New mutational scanning method advances genetic understanding of Hemophilia B

According to the World Federation of Hemophilia, Hemophilia B affects nearly 40,000 people worldwide. This condition is a monogenetic disorder, meaning it is caused by a single gene—the Factor 9 gene—which is responsible for producing the protein needed to properly clot blood. 

For decades, physicians and researchers have been trying to answer the question, "What are the DNA changes in the gene that cause Hemophilia B?”

Dr. Jill Johnsen, professor (Hematology and Oncology) is one of those physicians.

“Answering that question has been really hard technically,” she said. “How are we going to interrogate this gene for all the different ways DNA changes might change the protein?”

The rarity of the disorder, one case in 20,000 male births she said, adds to difficulty.

“It’s a rare disorder and often when we do genetic testing, we find a gene change no one has seen before, or a gene change only in seen only a few people,” said Johnsen. “We didn’t have additional evidence, other than identifying a gene that could cause Hemophilia B. These are actionable test results. We really care.”

To help answer these questions, Johnsen and colleagues at the Brotman Bay Institute (BBI) created the first mutational scanning method aimed at secreted human proteins: MultiSTEP. This method allows researchers to examine the protein outside the cell that made it.

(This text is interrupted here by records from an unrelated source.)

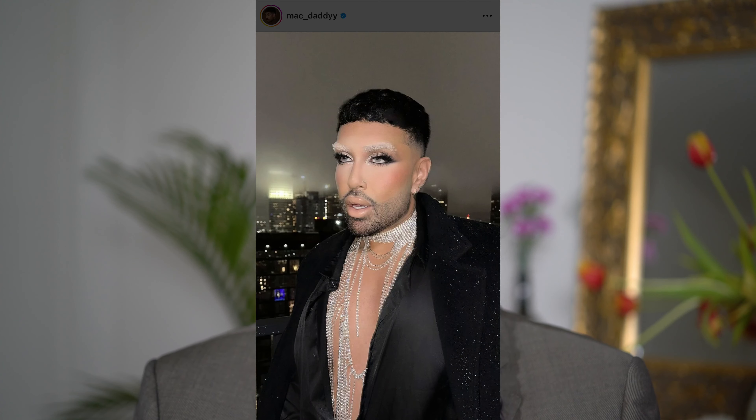Hello guys! Welcome or welcome back. If you're new here, my name is Sarah and today is going to be Makeup Monday. We're going to do a full face tutorial on this makeup look right here. It's inspired by Mac Daddy, a look that he wore by the makeup artist. I saw it on TikTok and I was obsessed, so I'm so excited to recreate this look. If you want to see how I got this look step by step, then just keep on watching.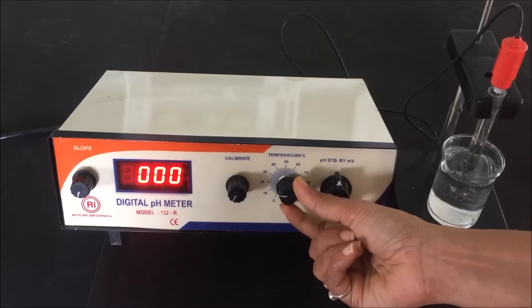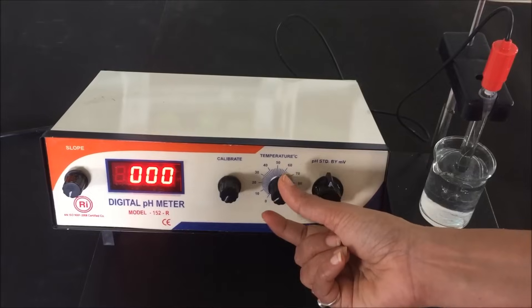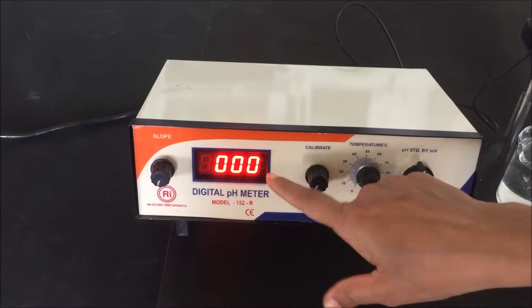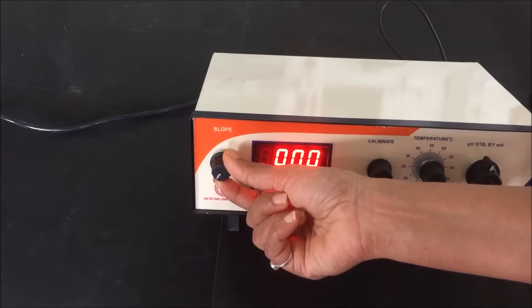This is the temperature setting knob, by which we set the temperature by rotating the knob. This knob is used for the calibration of the pH meter — we rotate and adjust it to set the pH to the standard value. This is the display for reading, and this is the slope knob, which is also used for calibration.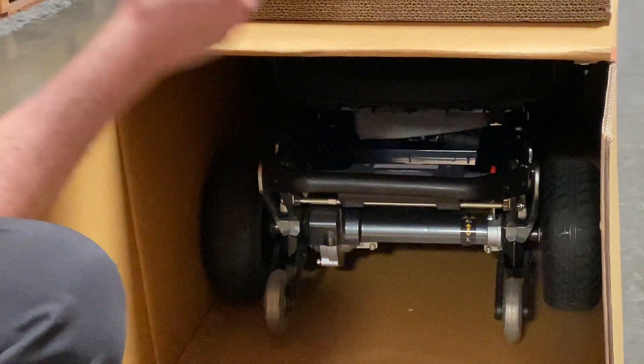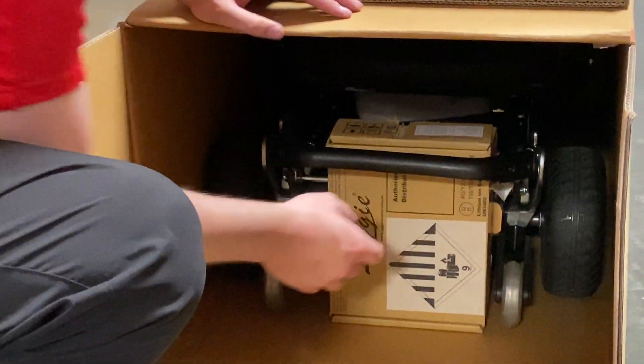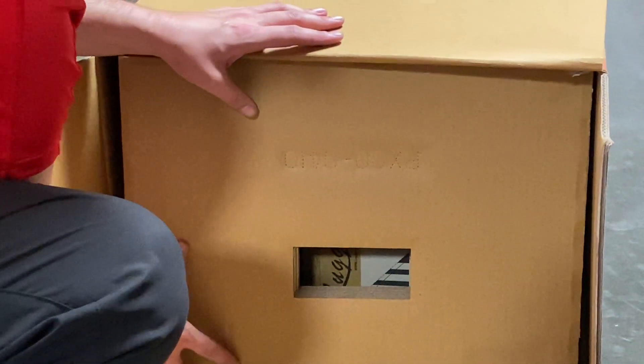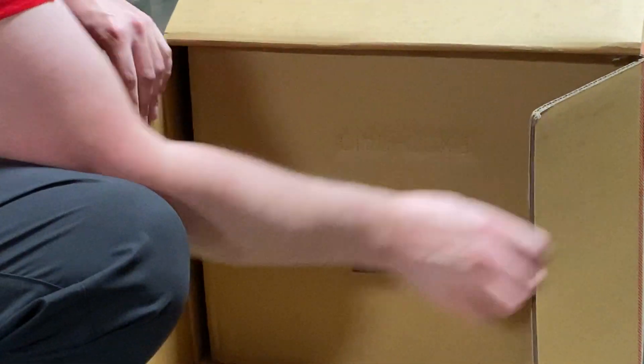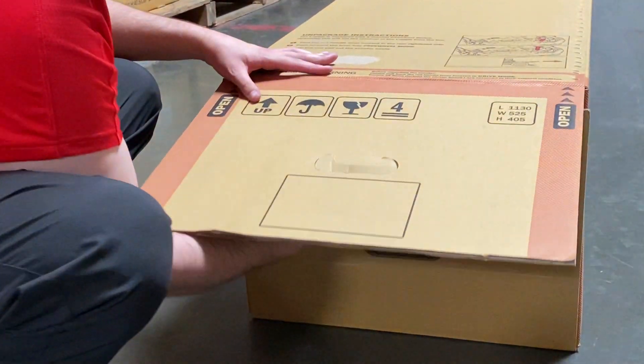Bring your battery and slide it right in behind the right bumper. Put your packing material back with the opening on the lower side. Close up your box and you are ready to send it back to us.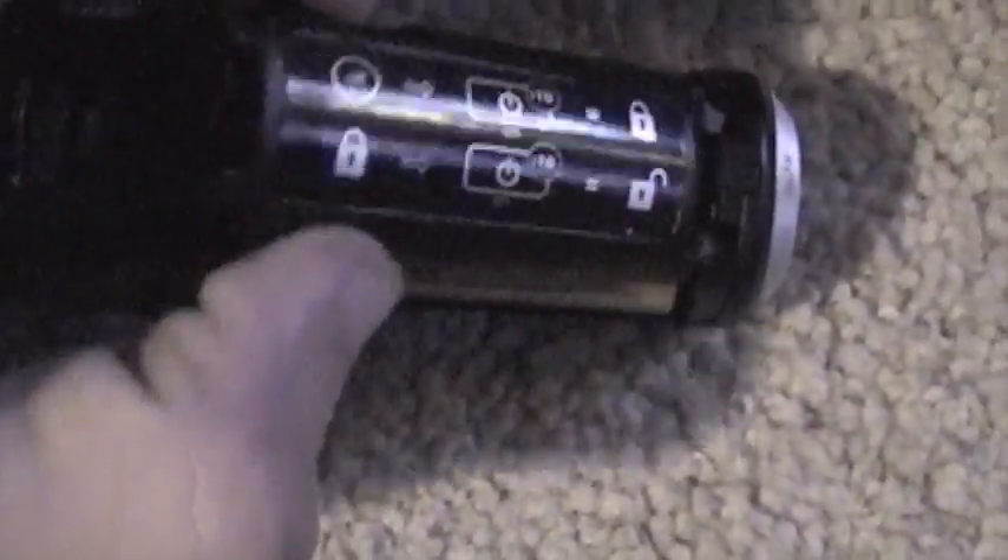Down here is the battery compartment. It just takes two regular AA batteries — you can do rechargeable ones if you want. I'm actually thinking about upgrading to rechargeable ones because it would be more convenient and I don't have to keep buying them all the time.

“We will be able to tell – with confidence – if this protein is directly related to the DNA change in that cell,” Johnsen said. “This has never been done before to be able to test a lot of changes at once. This is the innovative part.”

That innovation is expected to become a standard for other researchers. The NIH-funded Clinical Genome Resource (ClinGEN), a centralized system regarding the clinical relevance of genes and variants, is expected to incorporate a way to use evidence from Multi-STEP into its rules.